* Exercise *
Below is a listing to copy exactly; no image goes into the copy.

* Data records *
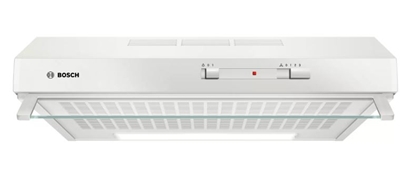 Изображение Bosch Serie 2 DUL62FA21 cooker hood Wall-mounted White 250 m³/h D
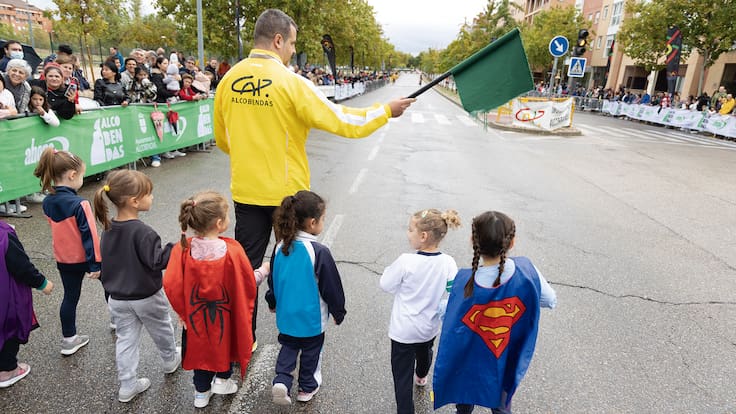 Entrevista a David Galindo, presidente del CAP de Alcobenas, organizadores de la MIlla Escolar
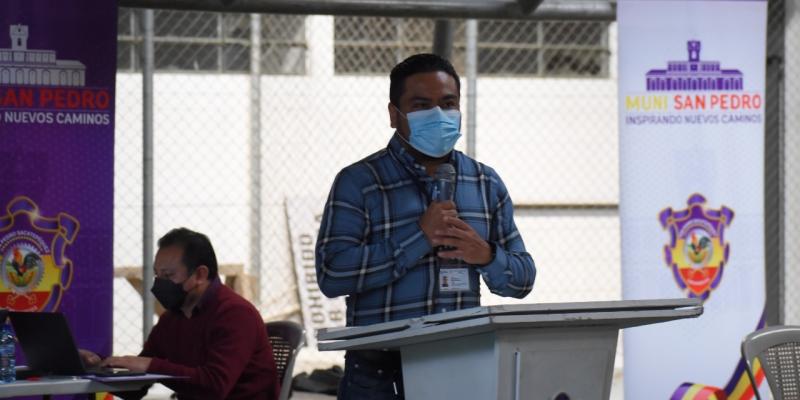 Capacitaciones sobre el Reglamento 164-2021 llegan a San Pedro Sacatepéquez, San Marcos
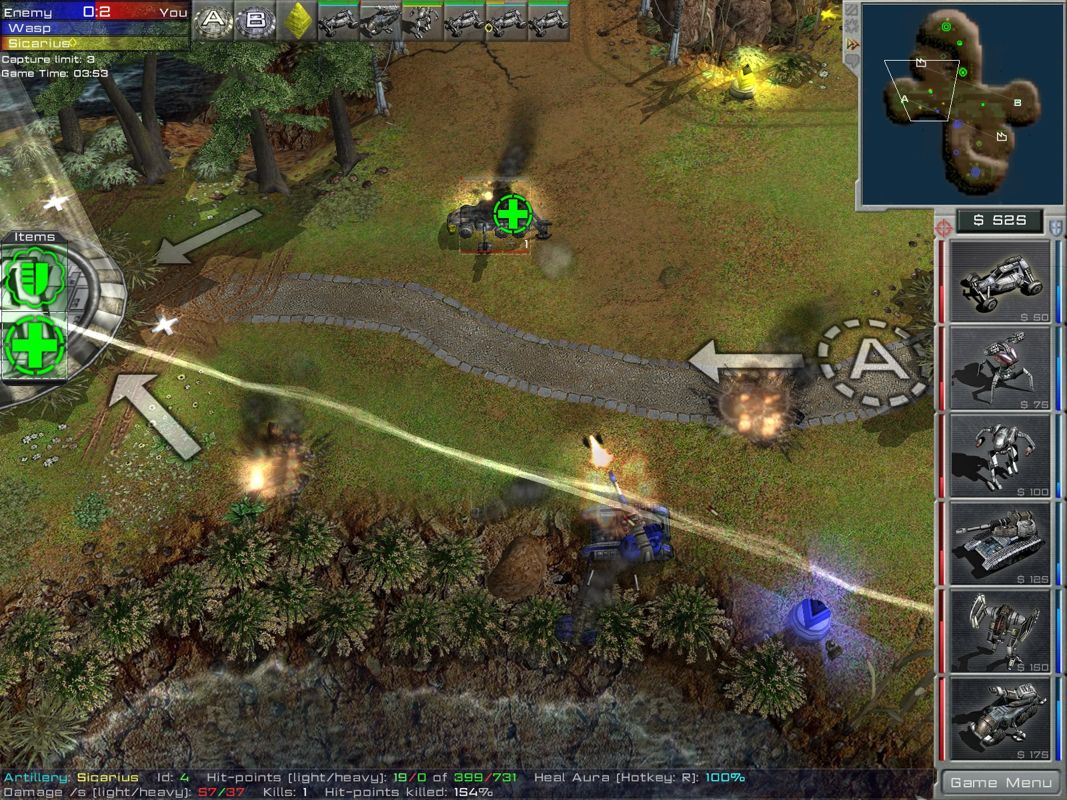 Arena Wars Microsoft Windows PC CD-PC Gamez USA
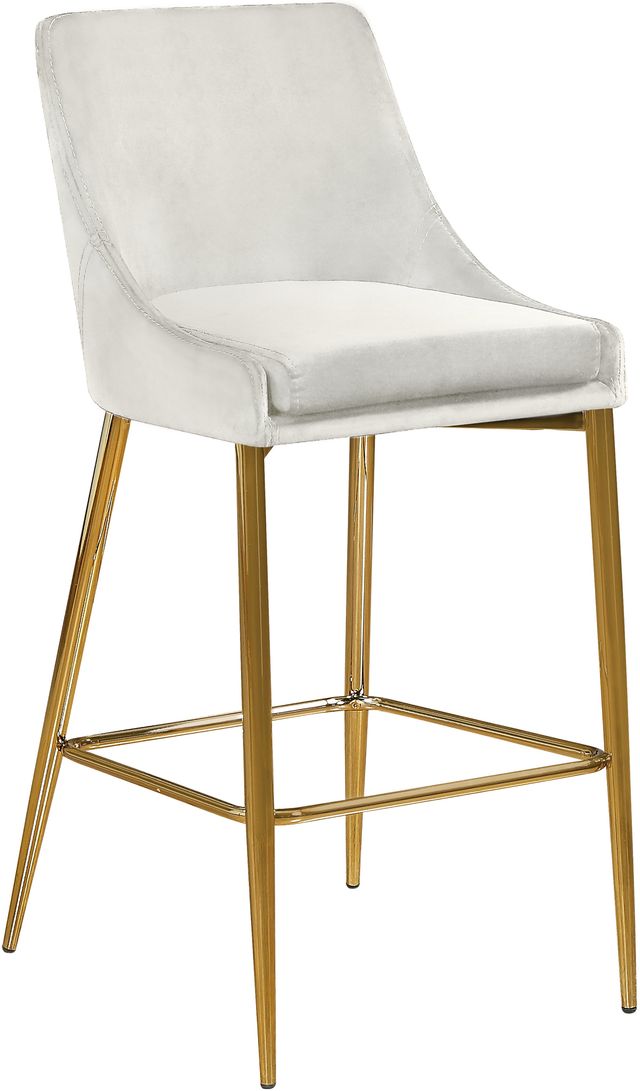 Meridian Furniture Karina Cream Counter Stool-0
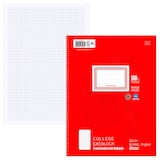 Artikelbild 1 für Ursus Collegeblock OE kariert DIN A4 mit Rahmen, 1 Block, Artikelnummer 883294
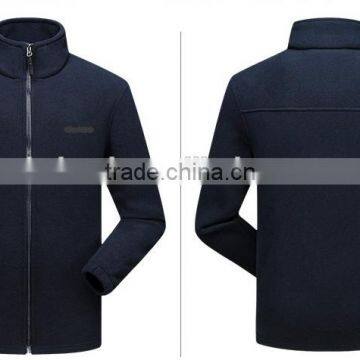 Wholesale OEM Man Polar Fleece Jacket Winter Jacket 100% Polyester photo-3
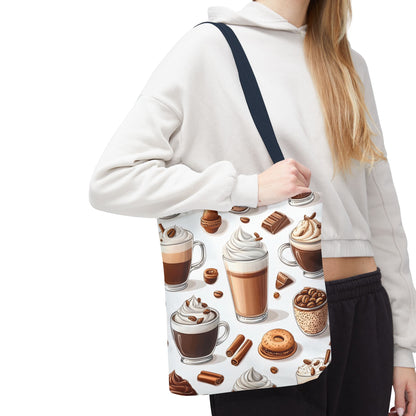 Coffee & Cinnamon Tote Bag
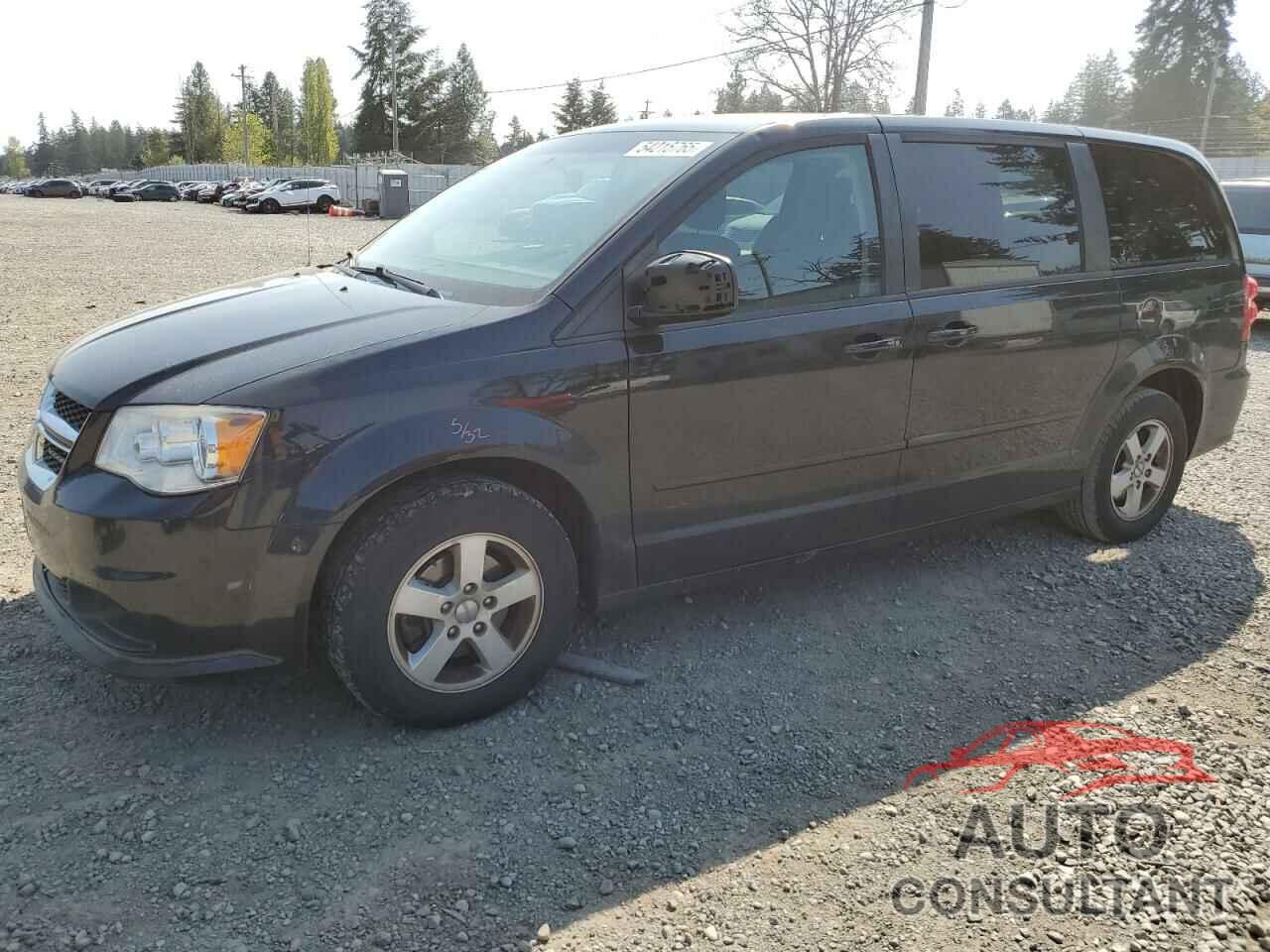 DODGE CARAVAN 2013 - 2C4RDGCG2DR523688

* Output of the task *
 Изображение Bosch Serie 2 DUL62FA21 cooker hood Wall-mounted White 250 m³/h D
 Entrevista a David Galindo, presidente del CAP de Alcobenas, organizadores de la MIlla Escolar
 Capacitaciones sobre el Reglamento 164-2021 llegan a San Pedro Sacatepéquez, San Marcos
 Arena Wars Microsoft Windows PC CD-PC Gamez USA
 Meridian Furniture Karina Cream Counter Stool-0
 Artikelbild 1 für Ursus Collegeblock OE kariert DIN A4 mit Rahmen, 1 Block, Artikelnummer 883294
 Wholesale OEM Man Polar Fleece Jacket Winter Jacket 100% Polyester photo-3
 Coffee & Cinnamon Tote Bag
 DODGE CARAVAN 2013 - 2C4RDGCG2DR523688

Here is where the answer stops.